Pictures with short captions.
((
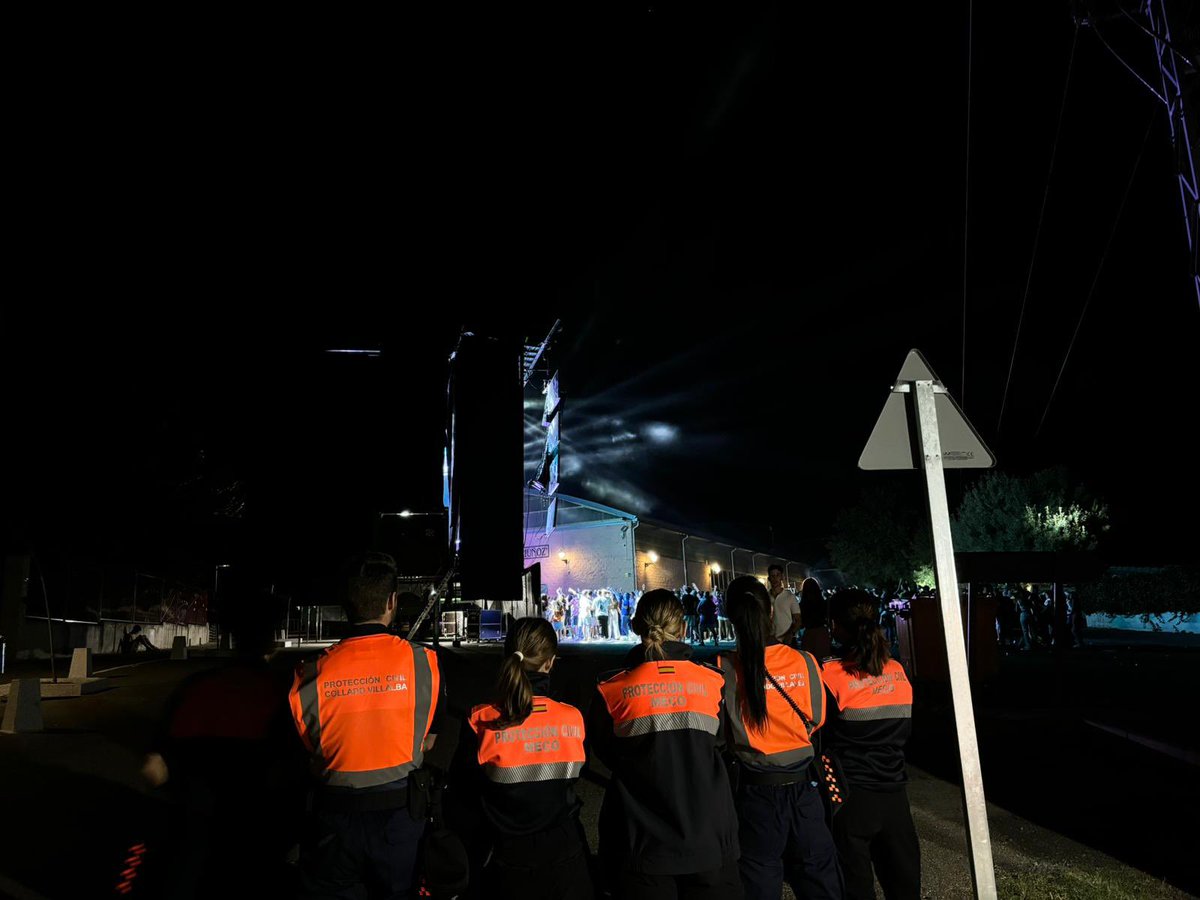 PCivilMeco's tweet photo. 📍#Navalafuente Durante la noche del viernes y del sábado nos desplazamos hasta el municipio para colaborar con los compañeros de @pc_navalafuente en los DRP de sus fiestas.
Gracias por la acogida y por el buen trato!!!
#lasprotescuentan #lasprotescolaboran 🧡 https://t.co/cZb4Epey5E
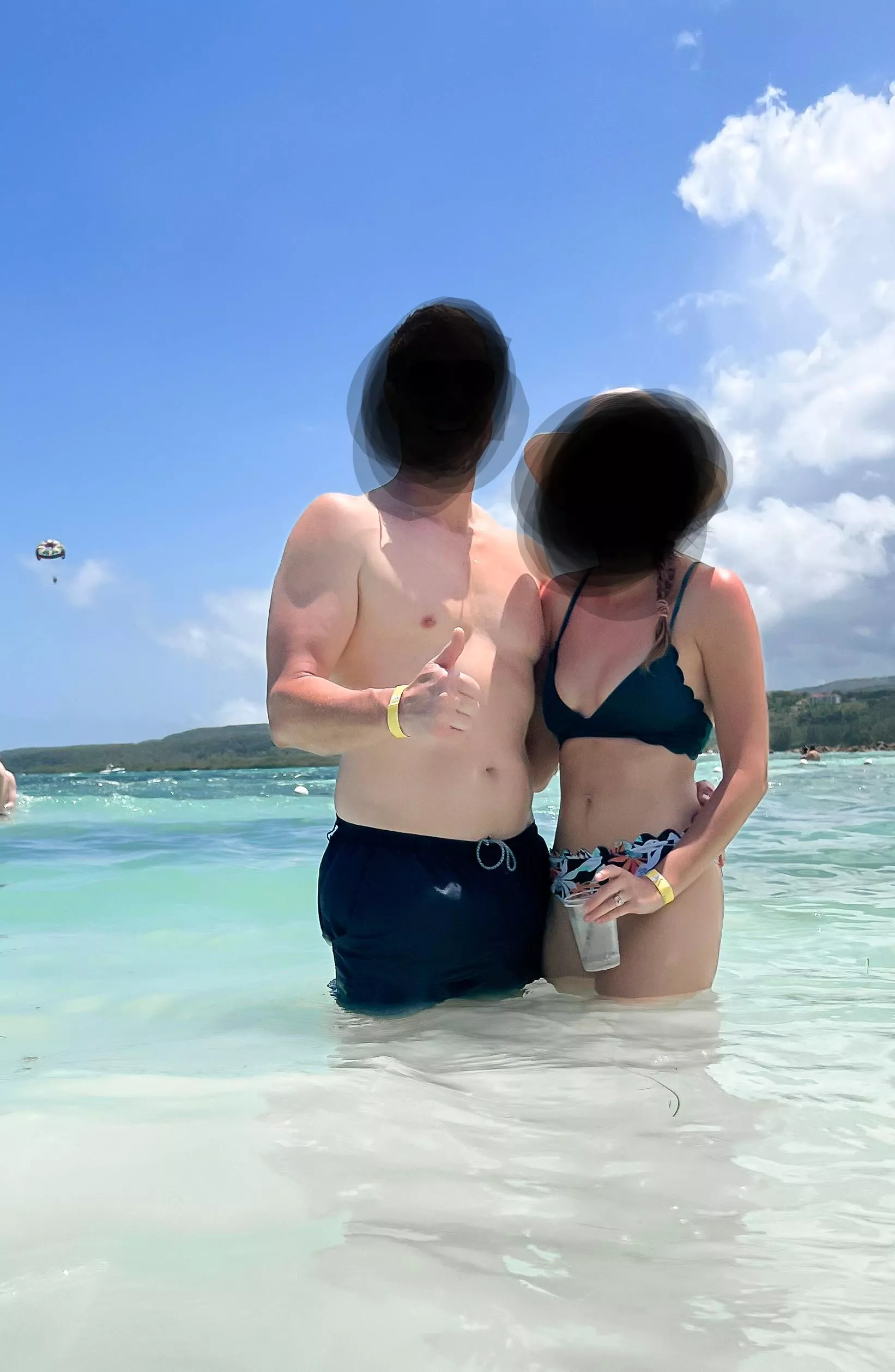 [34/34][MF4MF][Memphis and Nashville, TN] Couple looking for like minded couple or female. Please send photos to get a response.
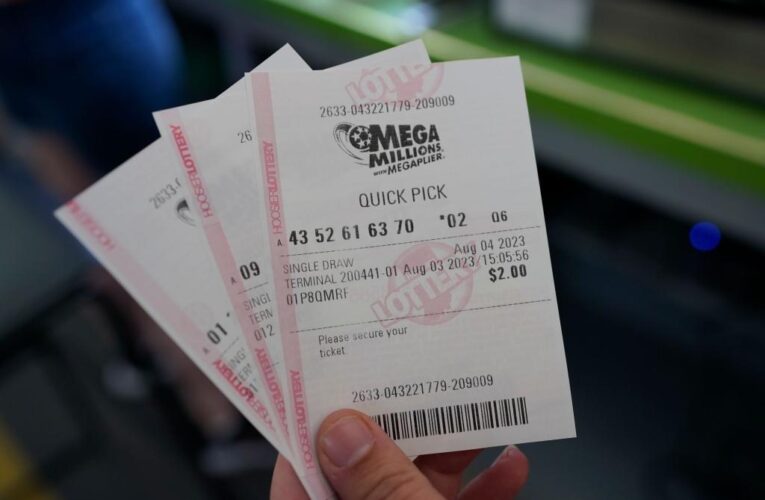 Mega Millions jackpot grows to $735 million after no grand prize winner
))
EXERCISE DIRECTIONS.
Return nothing except the lines from the line with "#lasprotescuentan #lasprotescolaboran 🧡" through the last line of the records above, copied exactly and without pictures.

SOLUTION.
#lasprotescuentan #lasprotescolaboran 🧡 https://t.co/cZb4Epey5E
 [34/34][MF4MF][Memphis and Nashville, TN] Couple looking for like minded couple or female. Please send photos to get a response.
 Mega Millions jackpot grows to $735 million after no grand prize winner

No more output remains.